En remplaçant le meurtre final du roman par une hallucination, Korngold a gommé son côté réaliste. Il accentue ainsi le vertige d'un univers fantastique, qui joue avec la mise en abîme et le thème du double : Marietta, sosie « maléfique » de cette Marie sanctifiée, incarne sur scène Helena (la séductrice de Robert le Diable), et parodie sa propre prestation à la sortie des artistes.
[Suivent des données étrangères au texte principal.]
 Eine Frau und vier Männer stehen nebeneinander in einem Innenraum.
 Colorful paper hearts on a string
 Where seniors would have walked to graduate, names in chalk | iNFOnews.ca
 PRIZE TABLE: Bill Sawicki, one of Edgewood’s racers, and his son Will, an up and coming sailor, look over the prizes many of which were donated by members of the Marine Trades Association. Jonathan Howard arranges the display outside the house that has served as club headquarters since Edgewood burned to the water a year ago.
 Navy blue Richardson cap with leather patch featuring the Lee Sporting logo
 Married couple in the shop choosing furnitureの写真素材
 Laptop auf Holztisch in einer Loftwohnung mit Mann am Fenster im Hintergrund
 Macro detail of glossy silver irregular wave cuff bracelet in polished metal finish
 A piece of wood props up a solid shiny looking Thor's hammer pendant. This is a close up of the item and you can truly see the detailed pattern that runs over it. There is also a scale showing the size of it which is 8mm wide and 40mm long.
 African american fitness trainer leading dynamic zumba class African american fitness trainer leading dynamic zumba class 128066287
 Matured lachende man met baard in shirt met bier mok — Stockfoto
Paradoxalement, les personnages deviennent ainsi multi facettes, plus attachants, plus crédibles.
Le décor de la production de l'Opéra national du Rhin (2001) illustre ce monde aux frontières floues : bouche d'égout dans la chambre, tombeau s'ouvrant par une porte dans le plancher, bar flanqué de ruines omniprésentes, etc. Outre les murs, des groupes de personnages (couples hiératiques du Moyen Age, nonnes amidonnées, etc.) amplifient les rôles du souvenir et de la religion dans la cité flamande. Symbole de cette atmosphère étouffante : la cloche géante du deuxième acte, véritable chape de plomb suspendue, qui semble une épée de Damoclès au-dessus du héros. Par ces effets de collage et de collision, on est proche parfois des films de Buñuel ou des tableaux de Clovis Trouille. Comme chez ces surréalistes, la mise en scène d’Inga Levant souligne le champ de bataille entre Eros et Thanatos, la lutte entre un homme momifié par la tradition et le regret, et une femme libre, une artiste en quête d'ivresse pour mieux servir son art.
Musicalement, Jan Latham-Koenig et l’Orchestre Philharmonique de Strasbourg font sentir l'influence de Mahler et de Debussy, mais aussi celle de Puccini, pour un chant qui s'apparente au bel canto. Félicitons les deux rôles principaux de cette production, Torsten Kerl (Paul) et Angela Denoke (Marietta) pour leur grande qualité de chant et un jeu émouvant, tout au long des trois actes qui réclament une présence quasi-continue.